* [EXERCISE INSTRUCTIONS]
For the records below, output word for word the lines from the one with "LILU Fehér gyerekágy" up to and including the one with "1892 S MORGAN". No pictures.
Segment Open
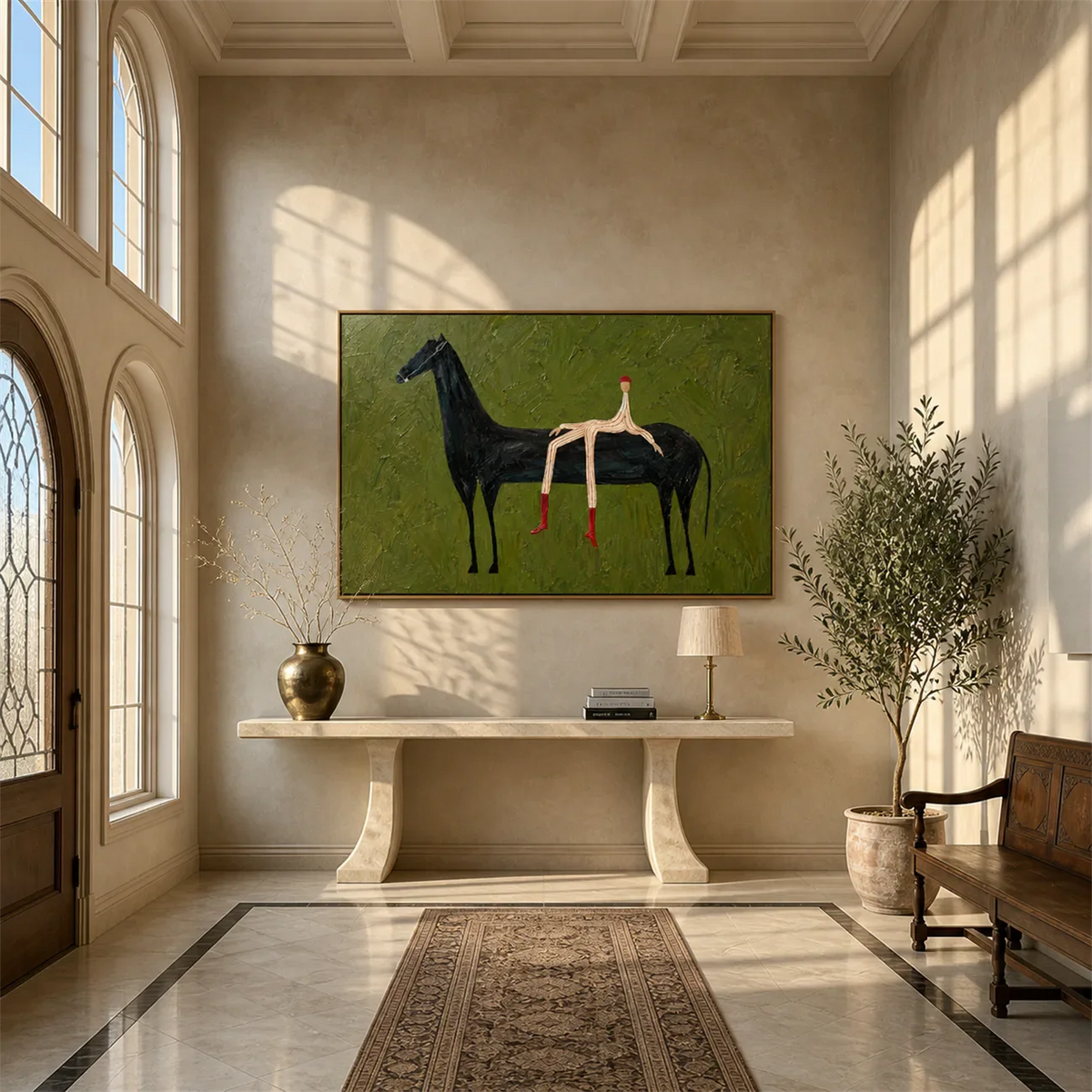 Striped Rider Horse Wall Art styled interior scene 5 | Olyrel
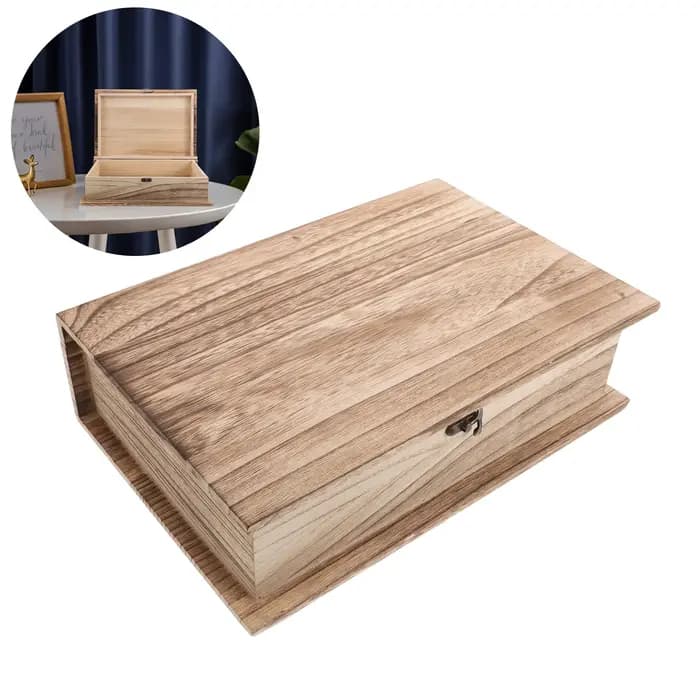 Grande boîte à livre en bois en forme de Bible avec couvercle à charnières, boîte de rangement en fo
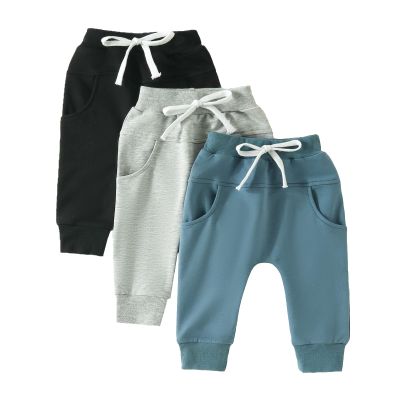 Doisbetthsay Toddler Baby Boys Pants 3 Pack Solid Color Fall Spring Sweatpants Baby Jogger Pants Khaki Brown Grey (3 Pack D, 0-6 Months)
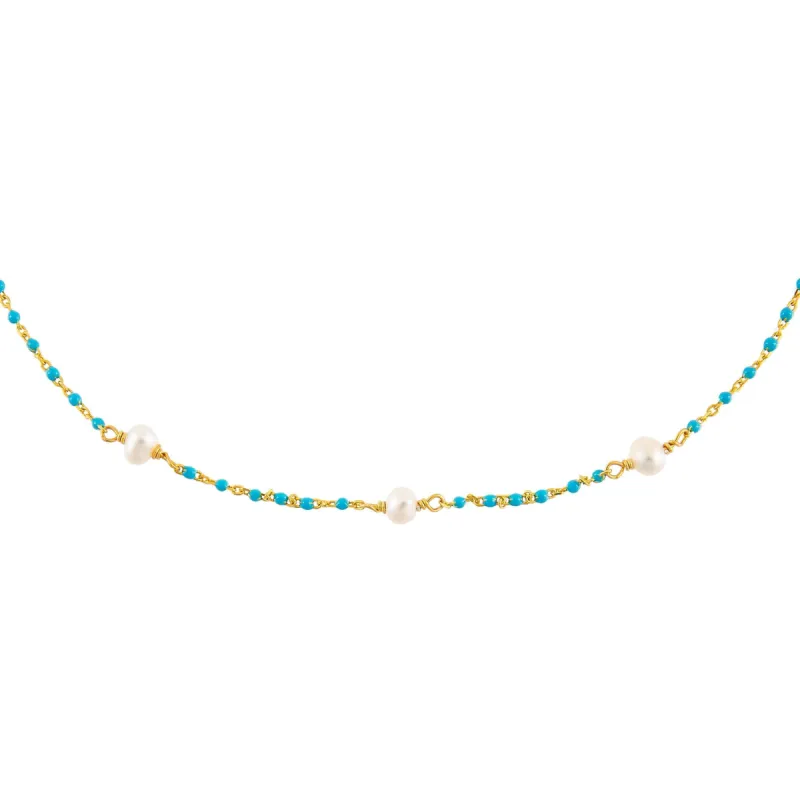 Pearl X Enamel Beads Choker sold by Adina Eden's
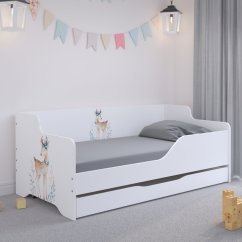 LILU Fehér gyerekágy háttámlával 160 x 80 cm - Őzikés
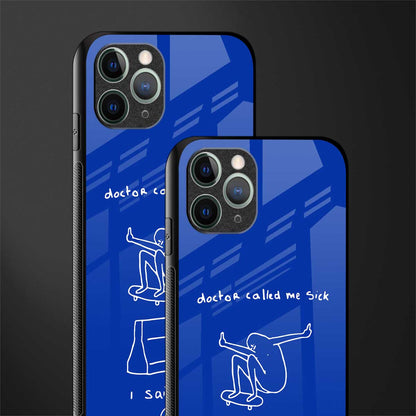 sick skateboarder blue doodle glass case for iphone 11 pro image-2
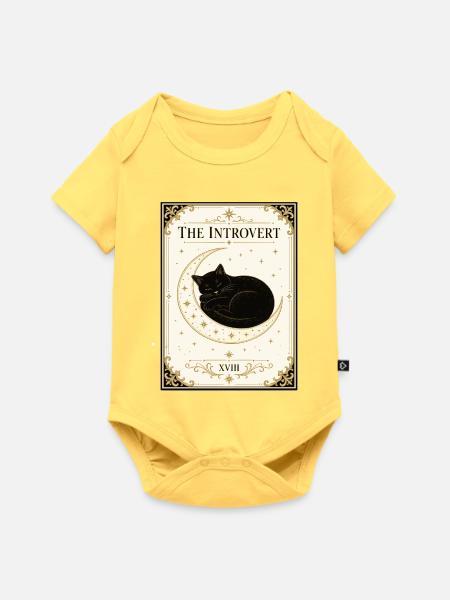 Die Mondkatze der Introvertierten - Baby Premium Kurzarmbody - Pastellgelb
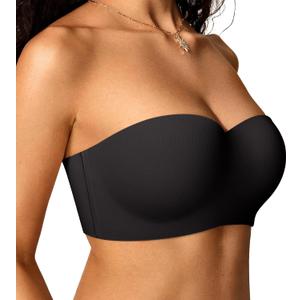 OEAK Womens Strapless Bras with Wireless/Underwire Multiway Non-Slip Tube Top Push Up Bralette Seamless Padded Bandeau Bra (36C, Black)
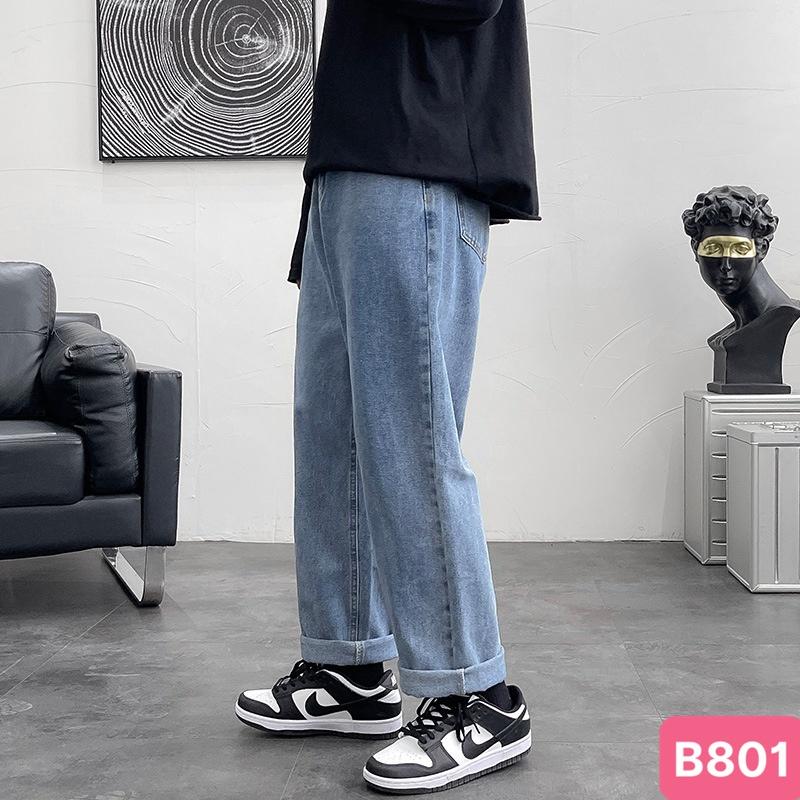 Quần jean nam trơn rách gối màu đen chất jeans bò cao cấp co dãn 4 chiều from baggy dáng rộng ống suông mới đẹp HA mới
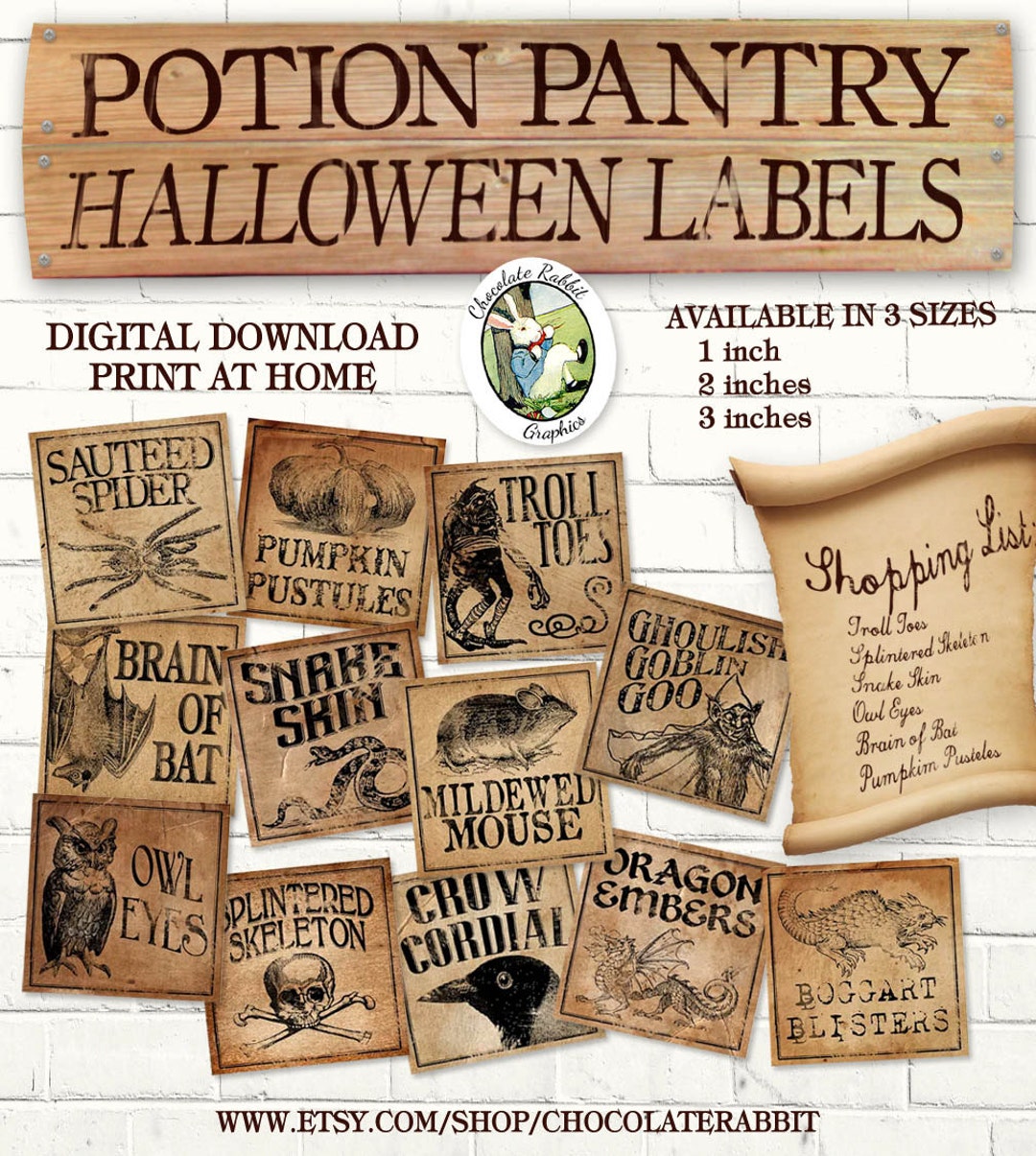 Halloween Potion Bottle Labels: Vintage Apothecary Images (digital ...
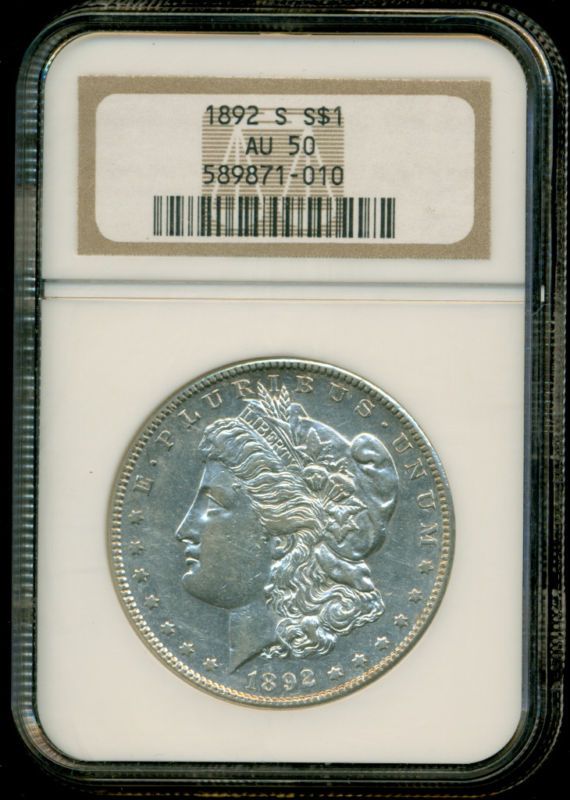 1892 S MORGAN SILVER DOLLAR NGC AU50   NICE EXAMPLE  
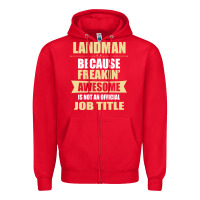 Red landman because freakin' awesome isn't a job title Zipper Hoodie - artisFamous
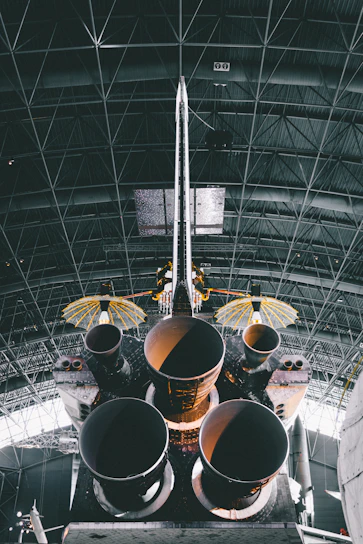 photo of rocket ship inside warehouse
Segment Closed
* [TASK RESPONSE]
 LILU Fehér gyerekágy háttámlával 160 x 80 cm - Őzikés
 sick skateboarder blue doodle glass case for iphone 11 pro image-2
 Die Mondkatze der Introvertierten - Baby Premium Kurzarmbody - Pastellgelb
 OEAK Womens Strapless Bras with Wireless/Underwire Multiway Non-Slip Tube Top Push Up Bralette Seamless Padded Bandeau Bra (36C, Black)
 Quần jean nam trơn rách gối màu đen chất jeans bò cao cấp co dãn 4 chiều from baggy dáng rộng ống suông mới đẹp HA mới
 Halloween Potion Bottle Labels: Vintage Apothecary Images (digital ...
 1892 S MORGAN SILVER DOLLAR NGC AU50   NICE EXAMPLE  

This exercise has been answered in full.